If you've read Chronology, it's impossible to ignore the ways Yuknavitch's new novel, The Small Backs of Children (in bookstores July 7), also seems to cull from her personal history. The book's central character, a writer, is a Yuknavitch mask—a woman traumatized by giving birth to a stillborn child, and mother to a young son. Yuknavitch's cast of characters are not named but labeled: painter, poet, filmmaker, performance artist, and so on. Novel characters often serve as stand-ins for the author, so this lack of characterization works. Yuknavitch's figures hover around the unconscious writer's bedside, and work solely to speed her recovery. Each functions as a device to allow Yuknavitch new powers of textual arrangement. The novel jumps from prose to play to poem and does so with control.

Yuknavitch's writing style works in absolutes and blanket statements like large swaths of color on a canvas. There were moments where mentions of Jim Morrison or Balvenie scotch almost ejected me from the book altogether, but I stayed with it and realized Yuknavitch wasn't saying clichéd things just to seem cool. She was saying them to be bare and vulnerable and known, like crying in front of a friend for the first time. I do not agree with many of the things this book does. That said, the fact that I am seeking to distance myself from a novel in the midst of a review speaks to the incredible force of Small Backs—it really comes at you.

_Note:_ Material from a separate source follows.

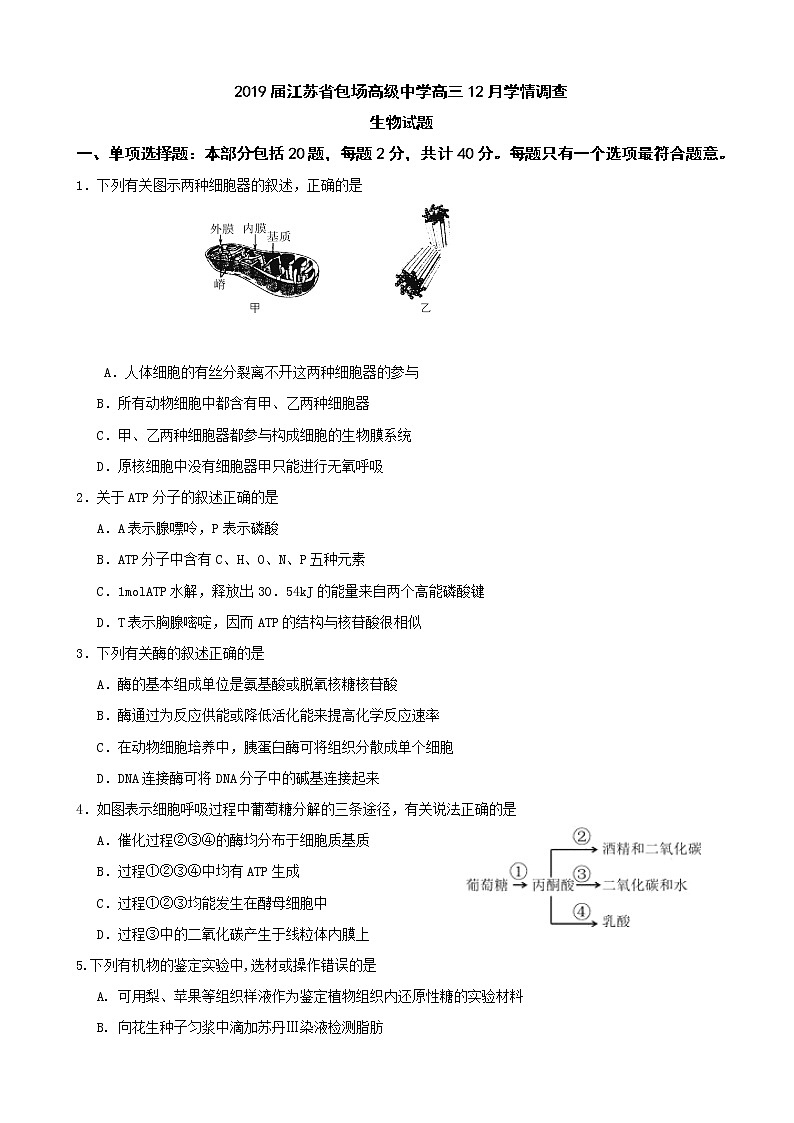 2019届江苏省包场高级中学高三12月学情调查生物试题（word版）01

Some people will take this book as gospel. Some are going to freak out. Small Backs contains depictions of child sexual abuse handled with the stoniness of a survivor who realizes not just how awful it is but also that people should have license to survive in different ways. There are some very grim things in this novel, but if you ask me to follow Yuknavitch's plume into a raw, experimental work, I gladly will.